世界文化遺産
サヴォア邸と庭師小屋
Villa Savoye et loge du jardinier

《サヴォア邸》の敷地に入ってすぐ、門の横に建つ小さな白い住宅が《門番の家》である。この地を見学に訪れる人は、この住宅を視界の端に留めながらも、その多くは通り過ぎてしまう。しかし、この小さな住宅にも彼の新しい住まいへの提案がなされている。
1階にはシャワールームや洗濯室、倉庫があり、外階段(内階段は無い)を上がると、2階に玄関、リビングルーム、キッチン、寝室、バスルームがある。

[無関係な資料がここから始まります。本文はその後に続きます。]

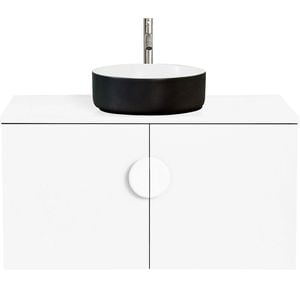 CIBO 900mm White Mornington Wall Hung Vanity with Black / White Basin and White Handle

小さいながらも、「新しい建築の5つの要点」のうち屋上庭園以外の要素がきちんと盛り込まれている。
ル・コルビュジエが当時関心を持っていたテーマの一つに、量産可能な小住宅があった。
《サヴォア邸》の時期には、いくつかの先行、あるいは同時進行していたプロジェクトがあったが、1927年にはドイツの《ワイセンホーフ・ジードルング》で1家族用、および2家族用の住宅を手がけ、1928年には「ルシュール住宅案」において、プレハブ素材と現地産の石などの素材を用いた、低所得者層向けの住宅計画などに取り組んでいた。
《門番の家》は、この系列上にあるコンパクトな住宅で、こうした住宅の工夫は《ユニテ・ダビタシオン》や《カップ・マルタンの休暇小屋》《ロンシャンの巡礼者用施設》といった住空間作りへと展開されていく。